14th Finance Commission
The 14th Finance Commission was constituted by the President of India on January 2, 2013, under the chairmanship of Dr. Y.V. Reddy, former Governor of the Reserve Bank of India. Its primary mandate was to make recommendations regarding the distribution of tax revenues between the Union and the States, and among the States themselves, for the period from April 1, 2015, to March 31, 2020. The Commission also addressed issues related to debt sustainability, local body finances, and disaster management.
Key Recommendations
The 14th Finance Commission significantly increased the share of states in the divisible pool of central taxes from 32% to 42%. This marked a substantial increase in fiscal devolution, aimed at providing states with greater autonomy and resources to address their developmental needs. The Commission emphasized the importance of fiscal decentralization and empowering states to manage their finances effectively.
Regarding horizontal equity (distribution among states), the Commission used a formula that gave significant weight to population (17.5%) and income distance (50%). Income distance refers to the gap between a state’s per capita income and the highest per capita income among all states, reflecting relative economic backwardness. The Commission also factored in demographic change (10%), forest cover (7.5%), and area (7.5%) to address specific needs and challenges faced by different states. Efficiency in fiscal management was incentivized through a tax effort parameter (7.5%).
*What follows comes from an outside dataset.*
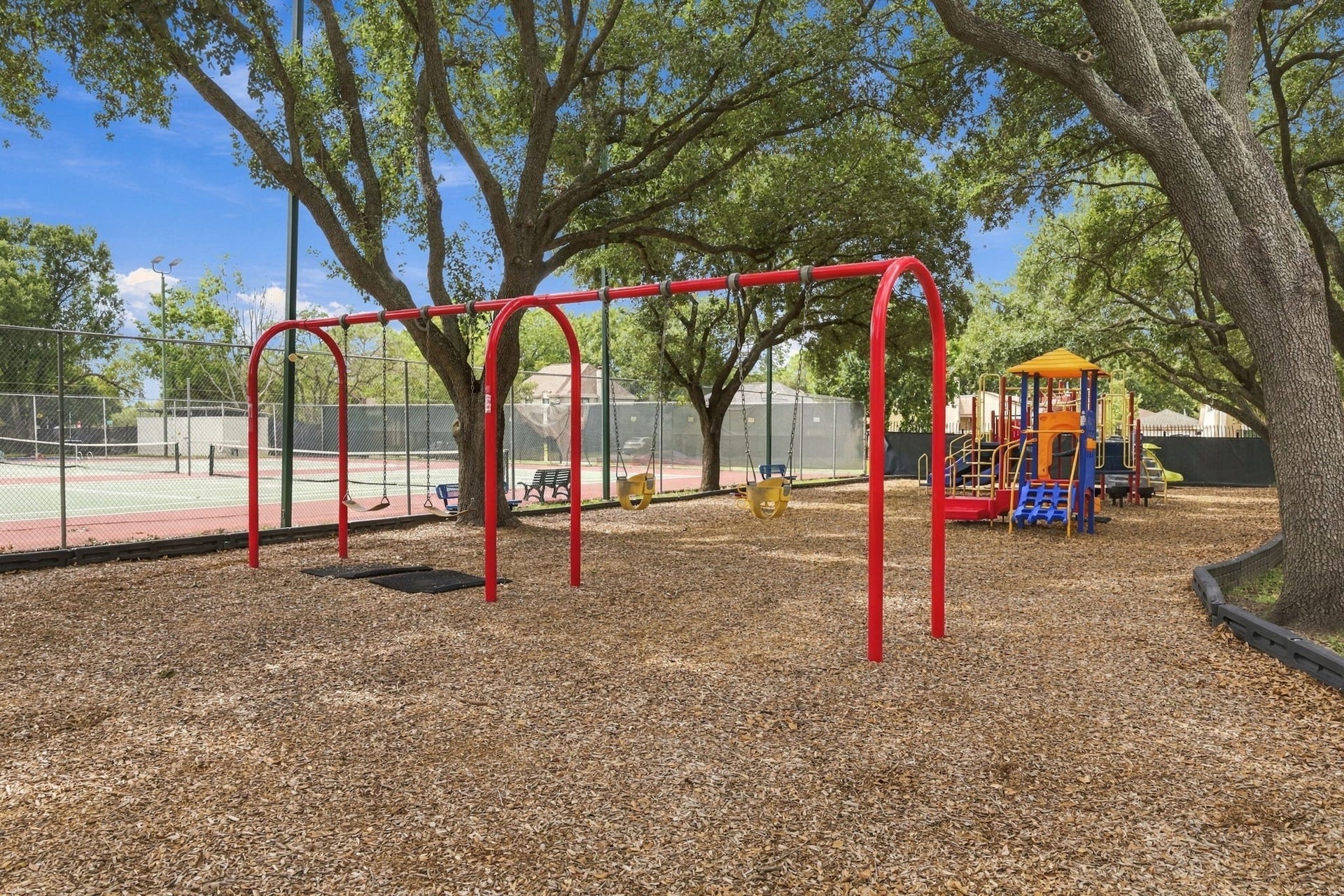11310 Olympia Drive, Houston, TX 77077 Enjoy this playground area next to the tennis courts.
The Commission recommended grant-in-aid for local bodies, both rural (Panchayats) and urban (Municipalities), to strengthen their financial position and enable them to provide essential services effectively. These grants were designed to improve infrastructure, enhance service delivery, and promote participatory governance at the local level. The grants were divided into basic and performance components, incentivizing local bodies to improve their performance.
Furthermore, the 14th Finance Commission addressed issues related to disaster management and recommended specific grants to states for this purpose. These grants were intended to strengthen the states’ capacity to respond to natural disasters and build resilience against future calamities. The Commission also emphasized the need for effective coordination between the Union and the States in disaster management.
Impact and Significance
The recommendations of the 14th Finance Commission had a profound impact on the fiscal landscape of India. The increased devolution of tax revenues to the states provided them with greater fiscal autonomy and resources to pursue their development priorities. The formula for horizontal equity aimed at addressing regional disparities and promoting inclusive growth.
The Commission’s emphasis on local body finances and disaster management also helped to strengthen governance at the grassroots level and improve the country’s ability to respond to natural disasters. Overall, the 14th Finance Commission played a crucial role in shaping the fiscal relations between the Union and the States and promoting equitable and sustainable development in India.